At the SHRM Annual Conference there is a lot going on. You can see most of it right in front of you. The sessions, the exhibit hall, the SHRM Store and the like. But what you may not know, because you don’t see it is this. Pretty much every day the SHRM Government Affair’s team is working to represent our collective business interest in Washington D.C.
SHRM has a staff of 12 people in the government affairs department who work with Congress and many of the federal agencies (and even in Sacramento, CA) to understand and shape public policy. This is a time consuming laborious task and most folks don’t understand how it works.
At this year’s conference Mike Aitken Vice-President of Government Affairs, discussed some legislation that SHRM has been working on since 2010. This intrigued me because I have been involved in this. I was invited to a focus group lunch event in 2015 at the Volunteer Leader’s Summit, where the team talked with SHRM members about their leave policies. The group provided SHRM with a framework for what is common practice at many employers.
This is a gloss-over of a whole bunch of details, but the bottom line is this: Employers who voluntarily choose to provide their employees a federal minimum standard of paid time off and options for flexible work arrangements, will qualify for a federal safe harbor and be deemed to have satisfied state and local paid sick leave laws. SHRM has been working on getting this legislation introduced and then passed to provide employers with some relief when it comes to consistency in paid time off laws. It is loosely being referred to as the Workplace Flex Bill. There have been many cities, counties and state regulations that have passed laws/ordinance mandating certain amounts of paid time off. Of course, they are all different so they change from jurisdiction to jurisdiction.

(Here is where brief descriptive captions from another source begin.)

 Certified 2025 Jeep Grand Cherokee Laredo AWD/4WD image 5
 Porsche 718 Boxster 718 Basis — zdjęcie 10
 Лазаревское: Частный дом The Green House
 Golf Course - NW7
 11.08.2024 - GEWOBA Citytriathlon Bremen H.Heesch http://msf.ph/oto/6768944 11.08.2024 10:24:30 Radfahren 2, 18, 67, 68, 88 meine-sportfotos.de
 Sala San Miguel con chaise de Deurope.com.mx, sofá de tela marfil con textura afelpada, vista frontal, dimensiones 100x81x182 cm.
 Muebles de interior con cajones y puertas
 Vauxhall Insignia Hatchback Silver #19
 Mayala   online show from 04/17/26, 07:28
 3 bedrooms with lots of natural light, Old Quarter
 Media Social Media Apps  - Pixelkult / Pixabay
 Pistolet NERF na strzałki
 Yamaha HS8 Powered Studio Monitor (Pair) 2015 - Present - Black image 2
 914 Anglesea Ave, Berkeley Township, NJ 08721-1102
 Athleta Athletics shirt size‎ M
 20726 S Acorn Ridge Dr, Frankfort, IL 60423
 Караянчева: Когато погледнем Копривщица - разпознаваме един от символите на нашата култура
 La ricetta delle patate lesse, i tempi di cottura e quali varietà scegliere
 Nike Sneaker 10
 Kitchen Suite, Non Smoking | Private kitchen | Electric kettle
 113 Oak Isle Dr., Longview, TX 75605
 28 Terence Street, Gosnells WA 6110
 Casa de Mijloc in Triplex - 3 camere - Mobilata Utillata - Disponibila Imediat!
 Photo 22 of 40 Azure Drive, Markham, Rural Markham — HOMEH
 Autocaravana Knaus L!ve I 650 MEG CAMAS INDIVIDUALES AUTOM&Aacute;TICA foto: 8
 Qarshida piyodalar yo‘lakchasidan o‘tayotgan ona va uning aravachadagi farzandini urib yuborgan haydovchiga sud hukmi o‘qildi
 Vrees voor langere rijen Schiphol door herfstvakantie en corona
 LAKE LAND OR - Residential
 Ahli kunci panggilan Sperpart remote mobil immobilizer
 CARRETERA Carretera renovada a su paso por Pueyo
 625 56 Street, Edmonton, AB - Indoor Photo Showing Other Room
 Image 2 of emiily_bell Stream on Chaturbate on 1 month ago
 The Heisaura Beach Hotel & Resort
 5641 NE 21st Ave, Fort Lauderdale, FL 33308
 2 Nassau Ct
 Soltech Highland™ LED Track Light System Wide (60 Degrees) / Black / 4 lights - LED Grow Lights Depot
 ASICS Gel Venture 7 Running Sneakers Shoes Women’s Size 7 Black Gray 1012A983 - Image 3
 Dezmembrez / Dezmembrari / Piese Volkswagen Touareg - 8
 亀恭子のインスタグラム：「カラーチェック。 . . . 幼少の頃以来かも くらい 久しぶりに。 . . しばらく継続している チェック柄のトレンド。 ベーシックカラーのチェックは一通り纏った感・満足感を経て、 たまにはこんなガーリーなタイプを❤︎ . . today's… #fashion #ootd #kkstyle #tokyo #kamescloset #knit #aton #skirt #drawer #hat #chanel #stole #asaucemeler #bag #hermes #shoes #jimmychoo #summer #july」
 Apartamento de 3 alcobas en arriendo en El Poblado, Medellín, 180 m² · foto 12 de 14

Imagine you have employees in New York, San Francisco, and Washington DC, and these cities have their own rules on time off. It can be very difficult to put policies in place that address the differences in each location. SHRM has attempted to address this legislatively.
The measure now has a sponsor Mimi Walters (R-CA). Hopefully the measure will be introduced in July and then move through Congress and be signed into law by the President. This would provide us in HR with some better rules to deal with, while leveling the playing field for all employers across the country.
This is all good, but my point is this. It has been several years since this conversation began. Laws and legislation do not move quickly.
This whole process of staying on top of legislation is a long game. So, while you don’t see the Government Affairs folks doing all the “fun” stuff. They are working for us behind the scenes day in and day out, looking out for the members’ interest, watching what is going on and trying to address the hodgepodge of law from DC to each state capitol to each county board.